Even if it happens that all points to be stored in your database use a single CRS, still use the above scheme for the database, and limit usage to a given CRS at the application level. This way you’ll have less trouble when, later, you get international customers.

If you use some kind of GIS system, such as GRASS or PostGIS, first check whether it already has co-ordinate transformation features. Also note that GIS’s already have a table similar to the CRS lookup table described above (in OpenGIS it’s the spatial_ref_sys table), so if you decide to introduce redundancy do it carefully.

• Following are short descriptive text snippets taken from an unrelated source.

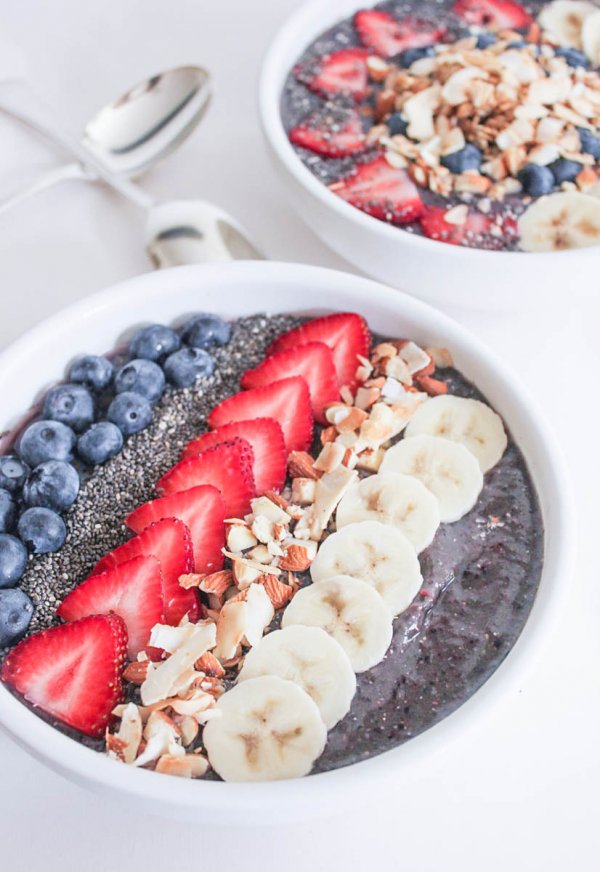 Vegan Berry Crunch Bowl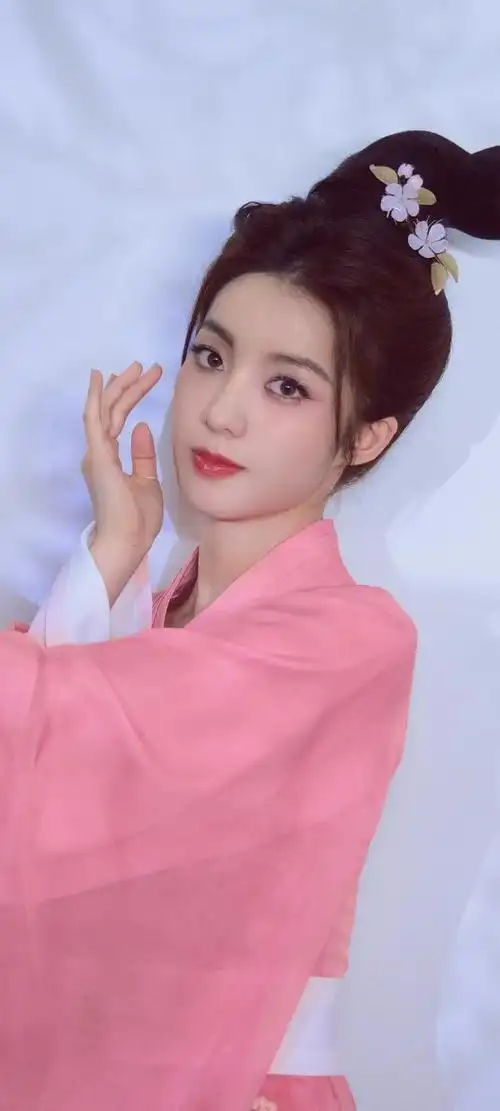 万鹏的美,不仅仅是外在的华丽,更是内在的品质和气质.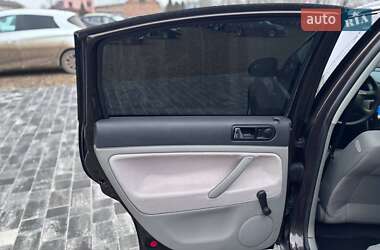 Седан Volkswagen Passat 2004 в Коломиї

Written by Antonis Christofides, October 2009. It would have been impossible to write this essay if it were not for Stefanos Kozanis and Michalis Salachoris, who explained to me all that. Stefanos Kozanis has also written conversion software, available with more theory (in Greek) at http://www.itia.ntua.gr/~soulman/icoordstrans/, which however is for GGRS87 only. It is known to be very accurate, and I used it to verify that I got the parameters for cs2cs correct (except that icoordstrans uses slightly different parameters for the GGRS87 geodetic CRS shift).

Permission is granted to reproduce and modify this document under the terms of the Creative Commons Attribution-ShareAlike 3.0 license.